Ideas on entrepreneurship, innovation and social networks

Here you will find some of my research, summaries of recent trends and topics in business research, and educational materials I’ve used or developed for my MBA and PhD classes. I focus on social network analysis, innovation and entrepreneurship. Here are some relevant posts:

Social Network Analysis

Class Syllabi

R/Methodological Tutorials

Conceptual lectures

Analyzing Networks in R: Centrality and Graphing

One important procedure in network analysis is determining the centrality of a node within a social network. In this post, I will show you how to do four things:

1. Calculate four centrality measures
• Closeness centrality
• Betweenness centrality
• Degree centrality (indegree and outdegree)
• Eigenvector centrality
2. Symmetrize social networks
3. Plot social networks using the gplot function in R.
4. Correlate centrality measures to outcomes or dependent variables.

The Krackhardt Kite Network

Below is a stylized network, called the “Kite Network” developed by Professor David Krackhardt of Carnegie Mellon University.

The kite network has nodes that are more powerful than others. Which node is the most powerful in the kite network?

One possible answer is node D. The reason is that it has the most number of connections. Indeed, is powerful. It has a type of centrality in the network called Popularity centrality or Degree centrality. If you want to get many people on board with an organizational change, or organize a party, D is your node. You can calculate degree centrality by merely counting the number of connections that a node has.

Another answer is either F or G. The centrality of these nodes is a bit harder to see. They have what is called Farness centrality. If you count up the number of “hops” on the network it takes to get from one node (say, A) to all other nodes (B … to … J) and take the average, you get farness centrality. F and G have the lowest farness (or highest closeness) which means it takes a lot less time for information (or disease) to get from F and G to everyone else. Research has shown that Farness/Closeness is correlated to how fast ideas, knowledge, information spread out from a starting point.

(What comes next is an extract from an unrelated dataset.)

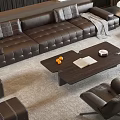 Modern Living Room Interior With Leather Sofa Coffee Table Set Armchairs And Ottoman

Finally, H has what we call Betweenness centrality. Betweenness measures the extent to which information must travel over a certain node in order to get somewhere else in the network. In other words, nodes high in betweenness are bridges that connect otherwise disconnected parts of the network.  There is a extremely large body of research showing that individuals who are high in betweenness have access to diverse information in their organizations and are often the source of creative ideas, have greater bargaining power, and experience superior career outcomes.

Representing Networks

The Kite Network provides a very simple introduction to the idea of centrality. The the starting point for thinking about network analysis is invariably a graph like the one above. Graphs are fundamental to network analysis, we can understand lot from just a graph. Some people, for instance, when they’ve seen enough graphs can tell how a network formed as well as what actions that individuals can engage in and so on and so forth.

The problem with graphs, however, is that as graphs grow larger and more dense. They reveal a lot less information just through pure visualization.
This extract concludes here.